Do you have a personal retirement plan or exit strategy? 

In a past Pulse column, Inman asked its readers for their take on their own personal retirement plan or exit strategy.

Although the answers to this very open-ended question varied dramatically in length, detail, and of course, strategy, it was intriguing to see the various thought processes of real estate agents and their unique attempts to solve the retirement equation.

After reading each response, I could not help but let my financial planning brain start running with each scenario.

To that end, I decided to put pen to paper and lay out a brief SWOT analysis (strengths, weaknesses, opportunities, threats) for a handful of the responses based on the admittedly limited information provided.

(Full disclosure: I am making huge assumptions in this process, and none of these responses should be considered financial advice to the individual responder.) 

The full details of your financial situation are required before true financial planning can be completed.

Let’s dive in.

Scenario 1: ‘Pension and Social Security from previous employment’


The standout here is definitely guaranteed income. 

Although most Americans, including self-employed small business owners, pay into and receive a benefit from Social Security, having an additional monthly income stream from a pension in retirement has become a rare advantage few can tout.


While the guaranteed income from prior employment is a great asset, this response is worded in a manner that leads me to believe they stopped saving for retirement when they left their past occupation.

An easy mistake to make when you do not have a built-in retirement plan for your new real estate business.

Depending on how long they worked at the prior job, it could be a fairly small income in retirement and leave their income level well below their current standard of living as Realtors.

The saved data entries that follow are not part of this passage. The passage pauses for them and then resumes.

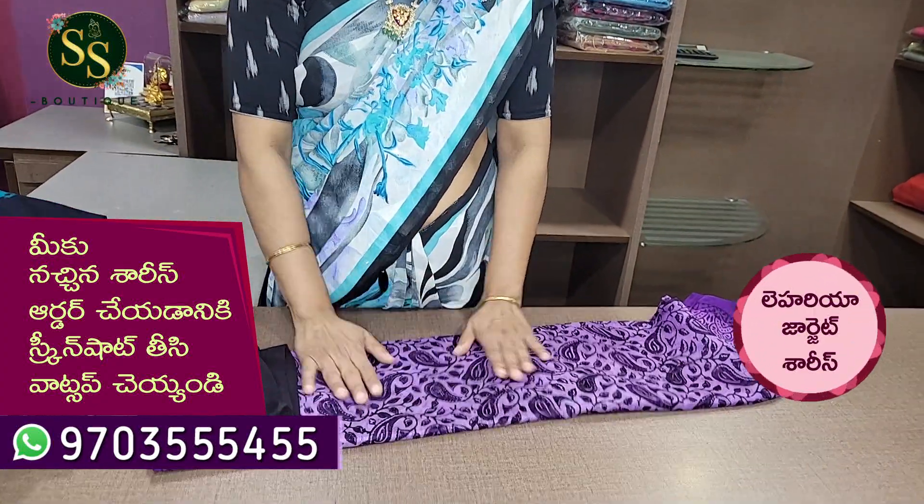We are going to have a variety of different colors. We are going to have a lot of washable items. We are going to have a lot of heavy quality Georges.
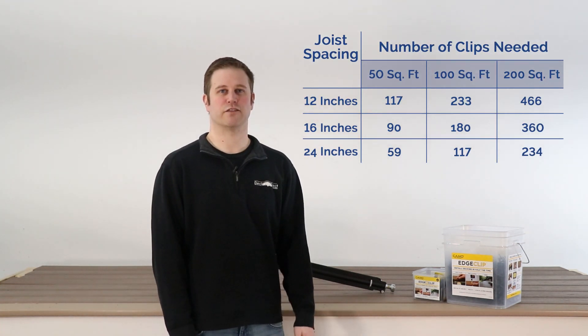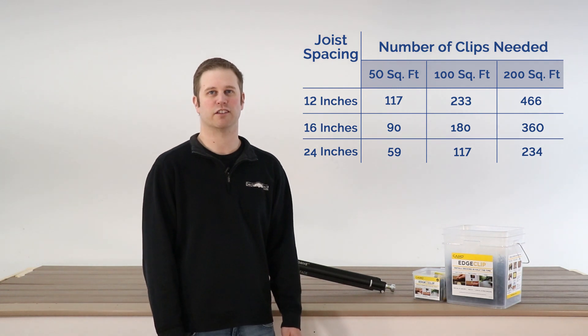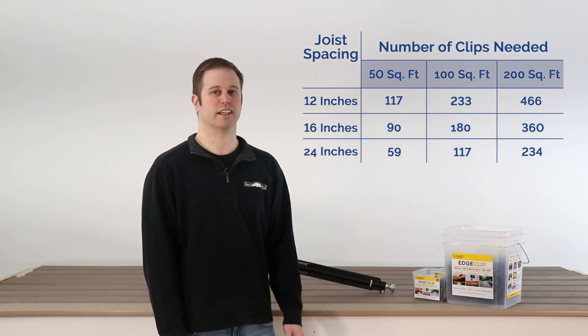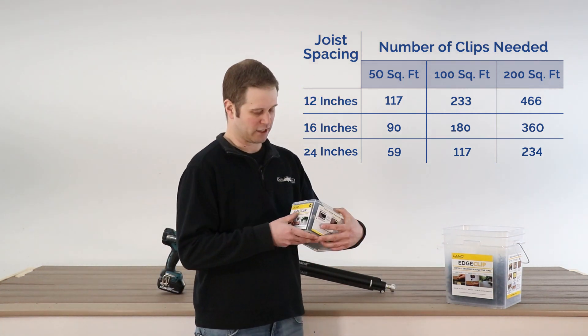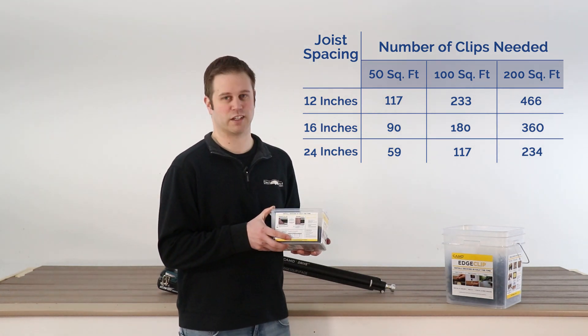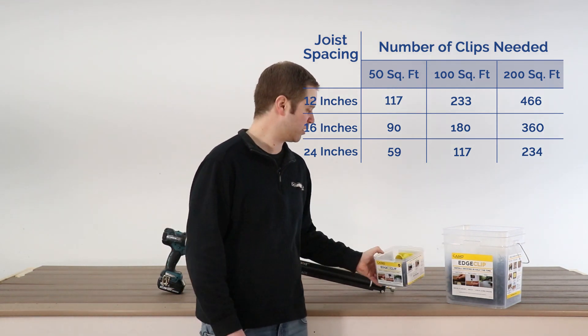16 inch on center for joist spacing: for 50 square feet is 90, 100 square feet is 180, and for 200 square feet you're looking at about 360 fasteners. On the packaging, they actually have the chart right here. We also include it online, and if you have any questions, you can always reach out and give us a call and we'll be glad to figure out how many fasteners you need for your project.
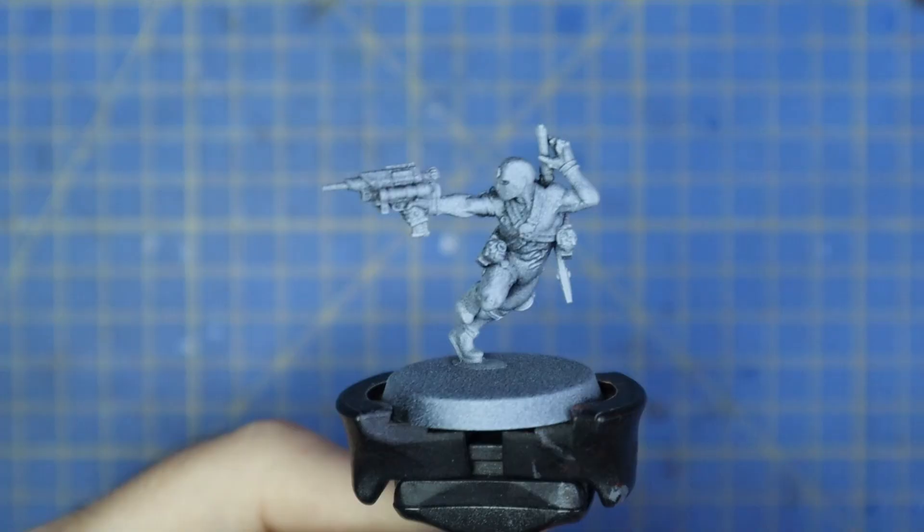Hey guys, Andy here from Mediocre Hobbies bringing you another installment in the Horus Heresy series. Games Workshop very kindly sent me out three beautiful new Horus Heresy assassins for me to make content and videos for you guys. I thought I would start off today's video by doing the Clade Adamas assassin — my personal favorite style — and getting one of these beautiful miniatures painted up very quickly, ready for the tabletop.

As a small business owner, this real estate agent has the ability to save toward their retirement and build assets outside of their guaranteed income.

This would allow them to diversify their income and also add a component of flexibility by saving in an account that allows them to take withdrawals on demand instead of at a fixed rate.

A SEP IRA or Solo 401k plan could be a good fit depending on the specifics of their situation.


The greatest threat to guaranteed income is inflation. 

Let’s look at an example and assume the guaranteed income does not have any Cost-of-Living Adjustment for inflation built-in.

If this individual were to have $5,000 a month of guaranteed income coming in at retirement, and we entered an extremely high rate of inflation of 7.2 percent per year, after 10 years the same $5,000 a month benefit would only have the economic value of $2,500 a month — half of what they started retirement with.

Scenario 2:Buy an income property, one a year for 10 years. Cash flow breaks even at first but as the years go on, Wow! We have taken cash out, and positive cash flow has allowed me to stay active in listing and selling by choice’


The fact that your current cash flow allows you the ability to purchase an additional income property each year is a huge indicator of success in your real estate business.

Congrats on your success!

Additionally, you have a hidden benefit here beyond purchasing the income properties: living well within your means.

By committing to purchasing an additional investment property each year for 10 years, you have adjusted your lifestyle to a level well within your income in order to achieve this goal.


Overconcentration risk is rearing its ugly head in this scenario. 

While I love the tenacity required to add an additional income property annually, this gameplan leaves you extremely exposed to real estate as an asset class.

For the same reasons it makes sense for corporate employees to diversify out of their company’s stock options, it makes sense for realtors to build a net worth outside of real estate.


Depending on where you are in your 10 income-producing properties in 10 years journey, you have the ability to diversify out of a portion of your real estate holdings and into other investment types.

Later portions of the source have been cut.